Quindi è importante che le persone che si accostano ad Altradimora, a Marea e a me possano ricordare che nel tempo della riflessione che si offre c’è anche quello del cibo, del sonno, della condivisione del gioco, di attività fisiche e delle emozioni. Quest’anno ci sono stati momenti di commozione come mai prima, e le donne e gli uomini presenti si sono permessi/e di piangere e di essere consolati/e, senza l’imbarazzo che la dimostrazione della propria emotività spesso comporta in pubblico.
Presto saranno disponibili immagini e interventi video dal seminario sui social e su radiodelledonne.org e quindi non mi dilungo qui sui contenuti dell’incontro.
Però spiego lo strano titolo che ho dato a questo articolo: Altradimora, Boston.
Felicita Magone, per la prima volta al seminario, ha raccontato di essere diventata femminista anche grazie alla lettura del famoso Noi e il nostro corpo, mitico e ineguagliato testo a cura del Boston Women’s Health Collective.

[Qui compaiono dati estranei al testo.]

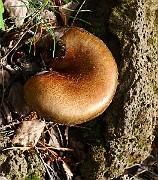 IMG_0207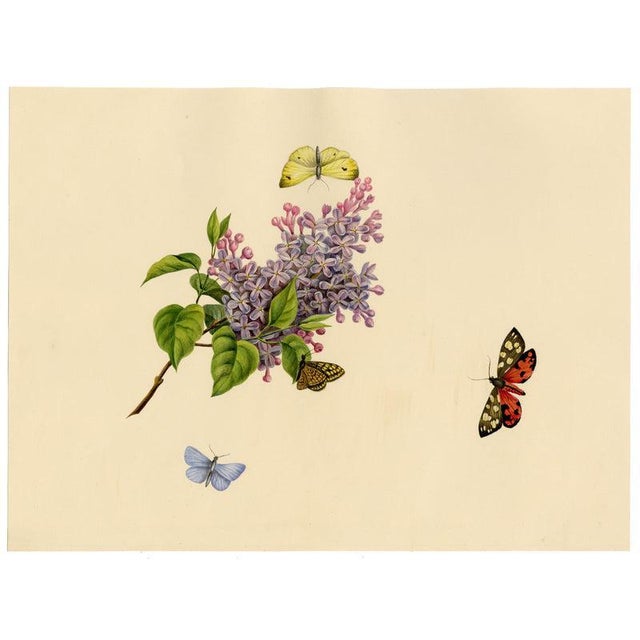 Louisa Hare, Butterflies on Lilac Flower, Watercolour For Sale - Image 4 of 7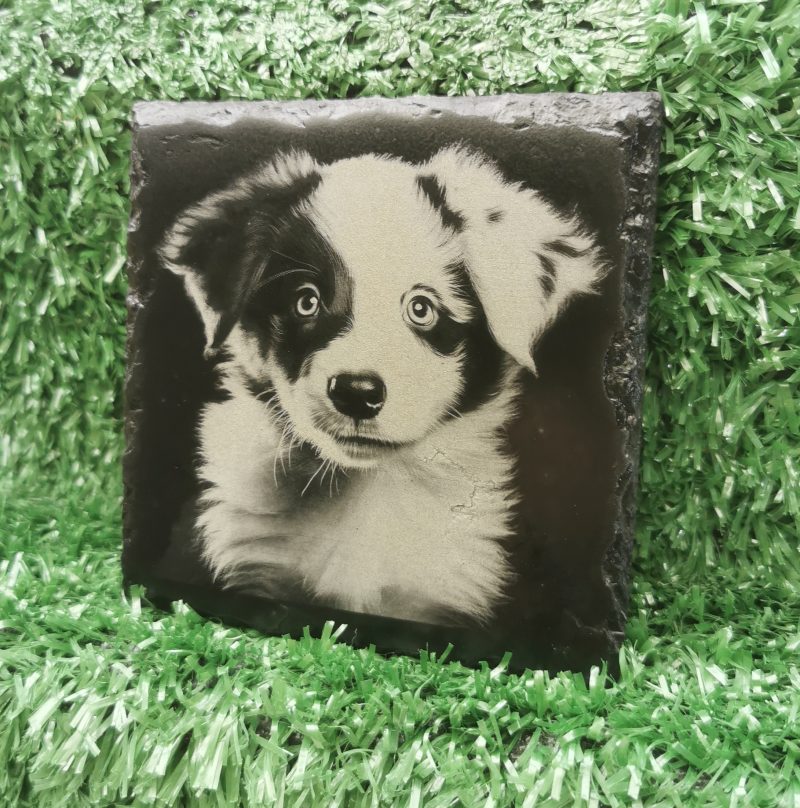 Border Collie Puppy Slate Coaster, Square 100mm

“Quando avevo 20 anni volevo andare a vivere a Boston, con le donne che scrissero quel testo. Volevo vivere quella dimensione collettiva, quel modo di essere femminista. Poi la mia vita ha preso un corso diverso, e fino ad oggi pensavo che oltre a non vivere a Boston non avrei sperimentato quella realtà che immaginavo. E invece, decenni dopo, ecco: qui ho trovato la mia Boston”.